Sep 10, 2014 - LabTech 2014 is here

Highlights of the day include our morning mini-classes, including 3 one hour sessions on getting the most out of Python in scientific computing, a 3 hour Arduino basics class, and, new this year, Intro and Advanced LabVIEW. The (free) Lunch and Keynote starts at noon, with an overview of what's new from IT this year. In the afternoon, you'll find over 30 sessions on topics ranging from Globus Online and HPC Use Cases to Video Conferencing to Excel.
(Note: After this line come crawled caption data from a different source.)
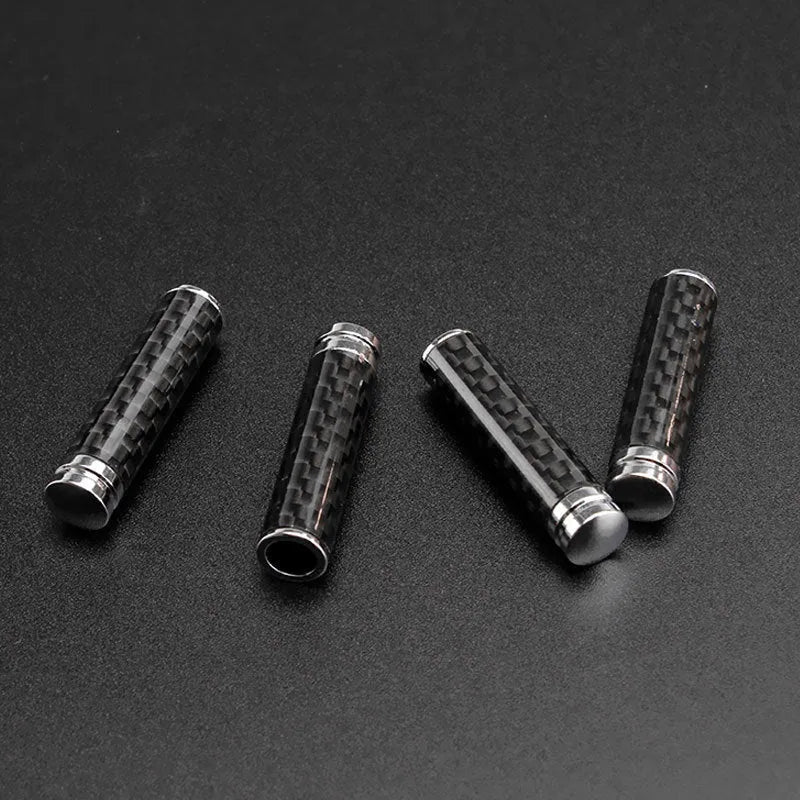 Set of four carbon fibre car door handle covers for universal fit installation.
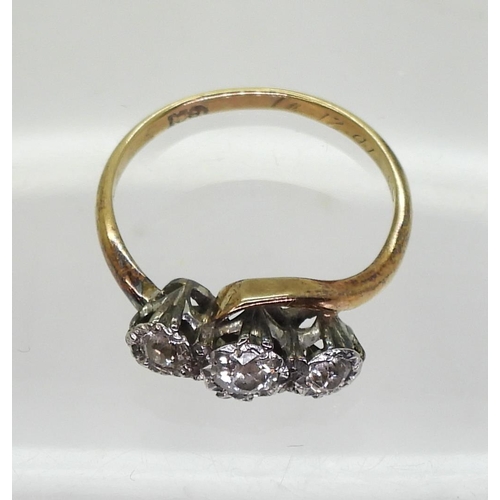 711 - An 18ct gold three stone diamond ring on a twist, set with estimated approx 0.25cts of old cut diamo... 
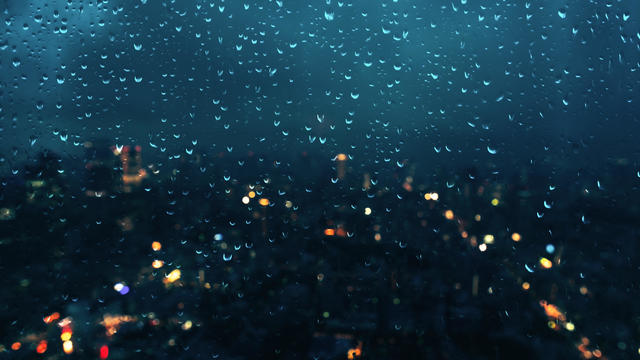 Raindrops on the window with cityscape at night 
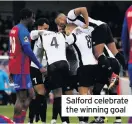  ??  ?? Salford celebrate the winning goal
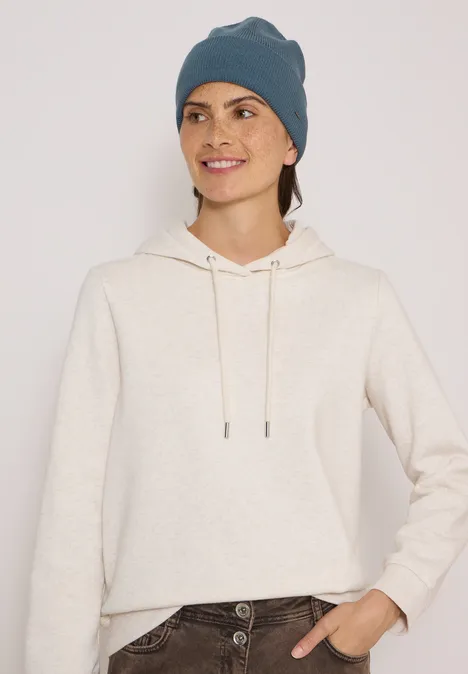 Femme portant un sweat à capuche beige et un bonnet gris-bleu, souriant devant un fond neutre.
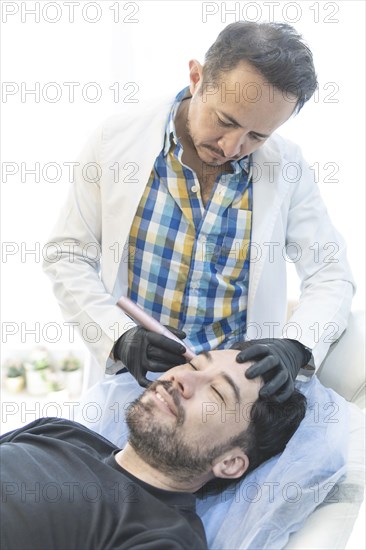 Latino man getting cosmetic treatment on his face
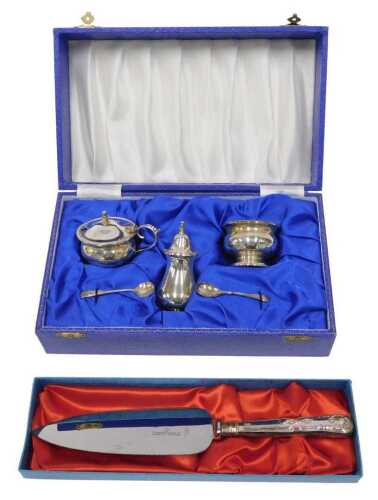 An Elizabeth II silver cruet set, comprising mustard pot, open salt, pepper pot and two spoons,...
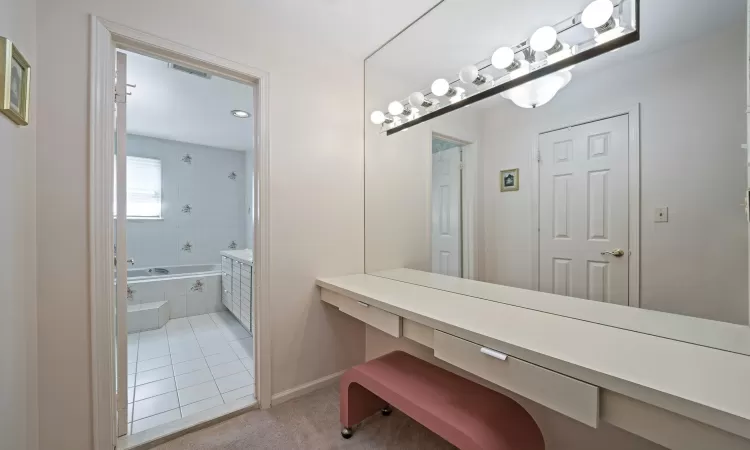 Bathroom featuring a stall shower, vanity, tile walls, and a bath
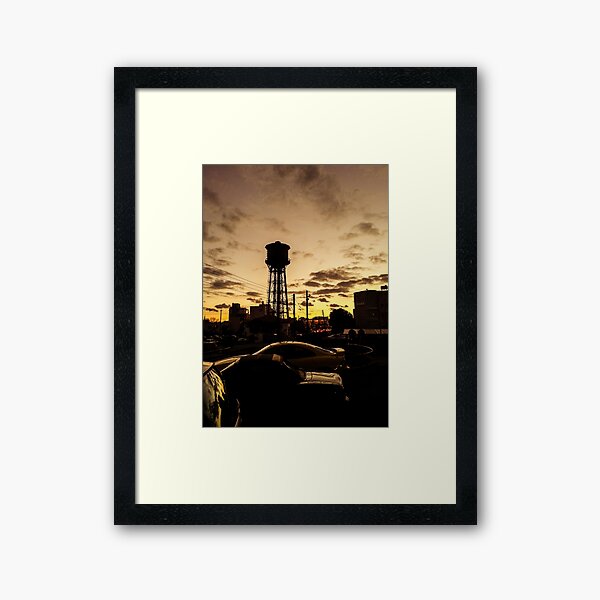 Water tower sunset Framed Art Print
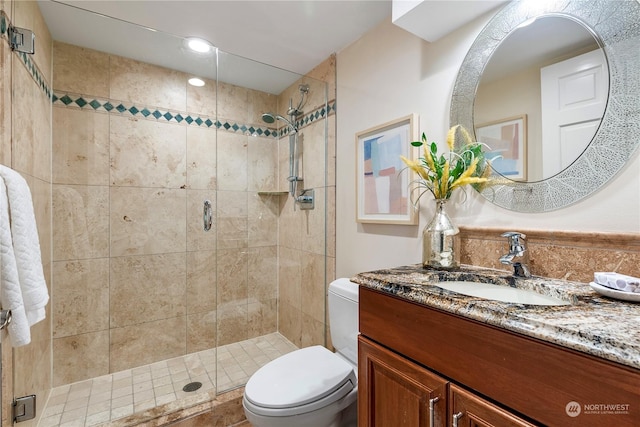 bathroom featuring an enclosed shower, vanity, and toilet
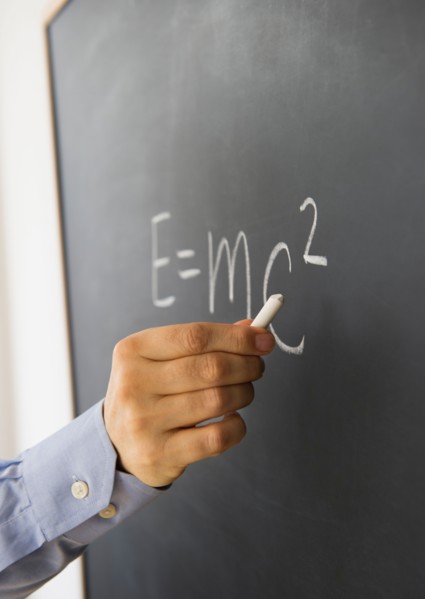 Close-up of man's hand writing theory of relativity formula on blackboard.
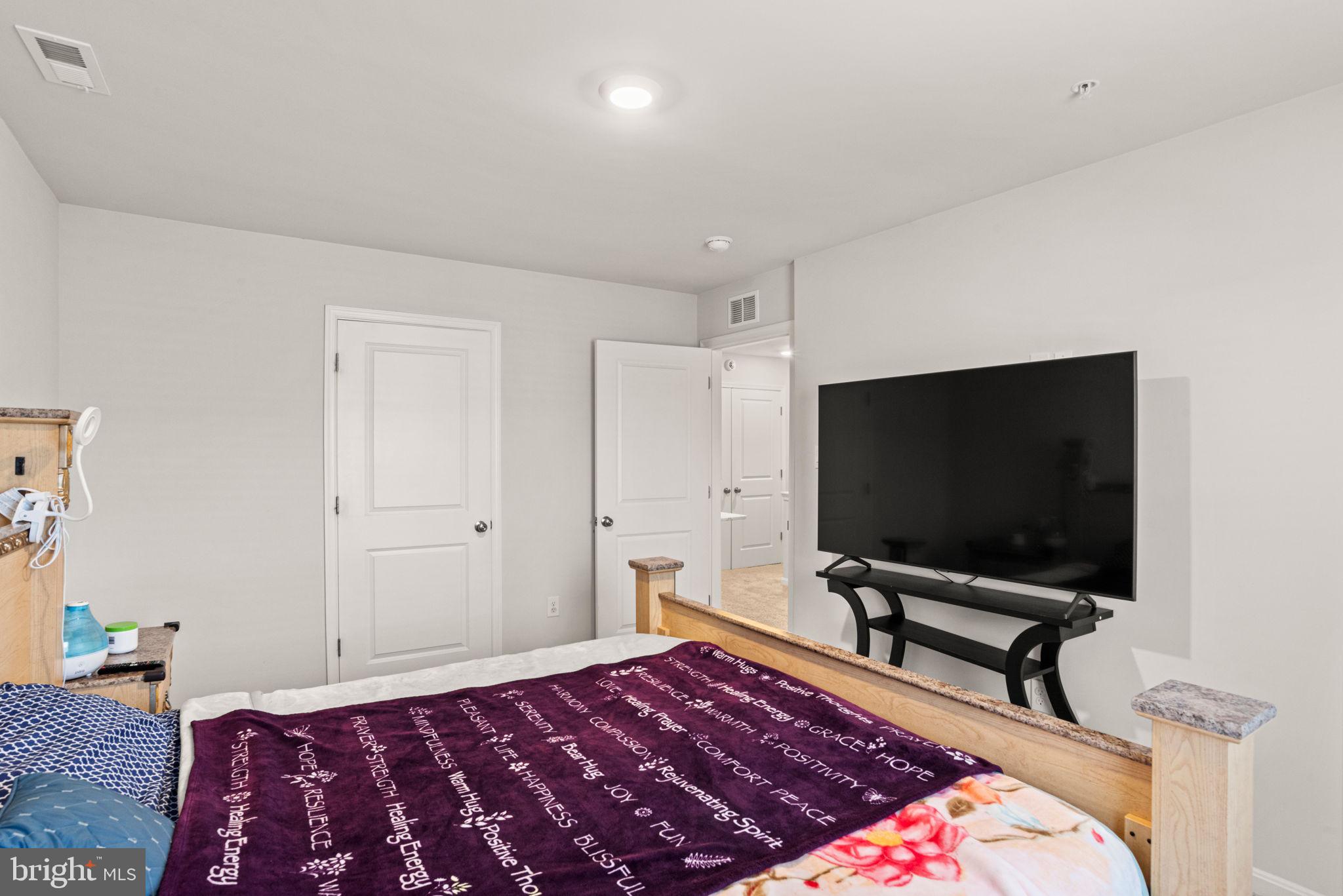 310 Maple Run Drive York, PA 17404 - Photo 15 of 28 a bedroom with a bed and a flat screen tv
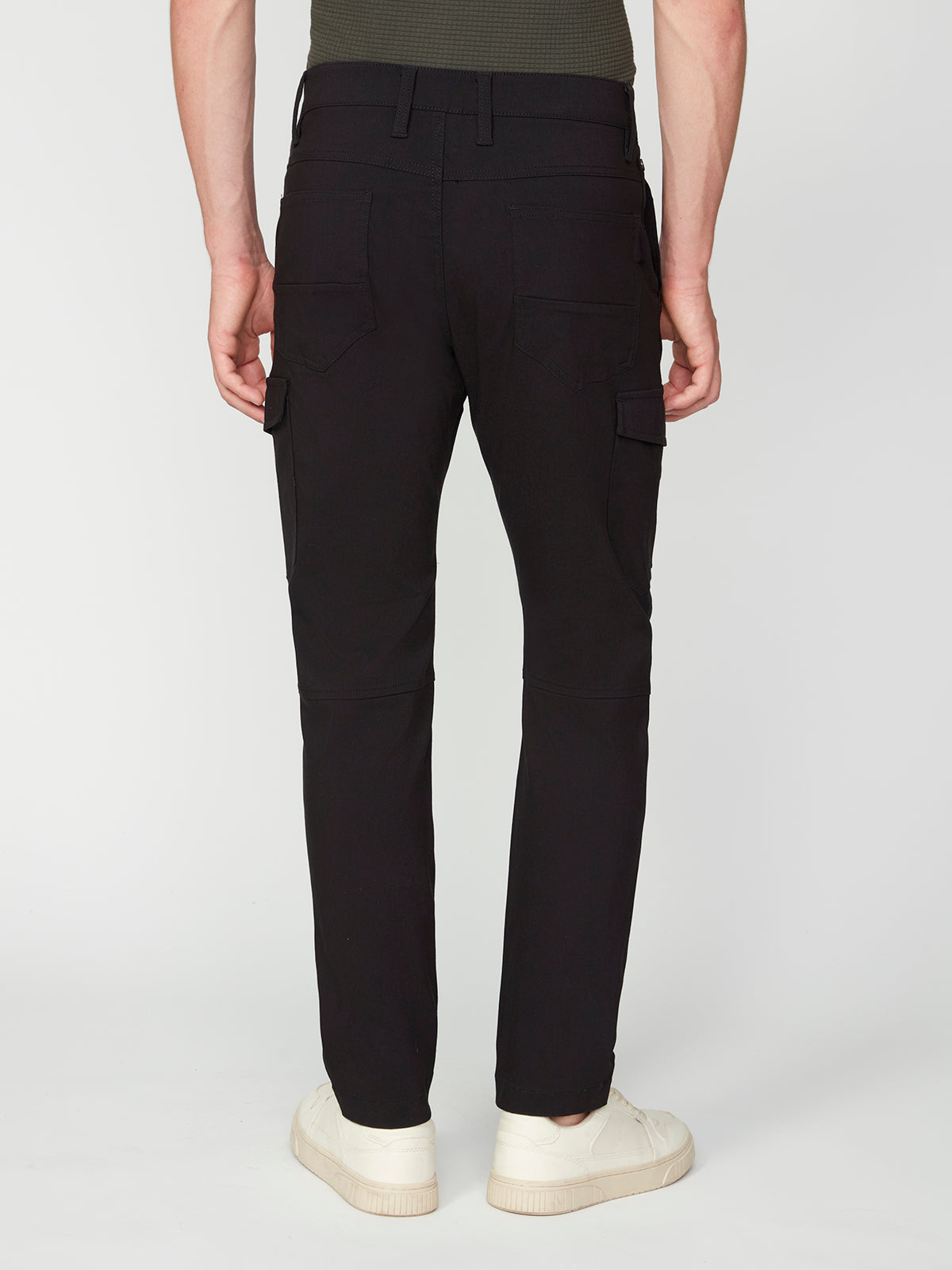 A person in PROJEK RAW MENS SOLID BUNGEE CARGO PANT with cargo pockets and white sneakers stands with their back to the camera against a white background, embodying modern streetwear style.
Please go here to register.



Aug 5, 2014 - NHC Talk at Linux Cluster Institute Workshop
The Linux Cluster Institute (LCI) holds an annual workshop to promote best practices for running HPC systems.  This year, Senior HPC engineer Michael Jennings will be leading sessions on the LBNL-developed Warewulf cluster toolkit and Berkeley Lab Node Health Check (NHC) at their 20th annual LCI Workshop held from August 4-8, 2014 at the National Center for Supercomputing Applications (NCSA) in Urbana, Illinois.

May 22, 2014 - BERKELEY RESEARCH COMPUTING Launch Event
The UC Berkeley Research Computing (BRC) celebrates its launch on Thursday, May 22, 2014 at 3:00 p.m. in Sutardja Dai Hall. This exciting new program will include Condo/Institutional cluster (HPC) computing (in partnership with LBNL HPCS), cloud computing support, and virtual workstations. UC Berkeley researchers needing access to computation should look into this program. To attend the event, RSVP here

April 15, 2014 HPCS presenting at GlobusWorld 2014
LBL HPC consultant Krishna Muriki and HPCS systems engineer Karen Fernsler will be presenting at GlobusWorld 2014 on April 15-17, 2014 at Argonne National Laboratory.Their talk "Globus for Big Data and Science Gateways at LBL" will highlight some of our projects, including the Sloan Digital Sky Survey III and the X-Ray Diffraction and Microtomography Beamlines at the Advanced Light Source user facility, which benefit from Globus endpoints to construct Data Pipelines.

Feb 3, 2014 - NHC Talk at Stanford Exascale Conference
LBL HPCS senior engineer Michael Jennings will be giving a talk on the "Node Health Check (NHC)" on Feb 4, 2014 at the Stanford Conference and Exascale Workshop 2014 sponsored by the HPC Advisory Council. NHC, developed by Jennings, provides the framework and implementation for a highly reliable, flexible, extensible node health check solution. It is now widely recommended by major HPC job scheduler vendors and is in use at many large HPC sites and research institutions.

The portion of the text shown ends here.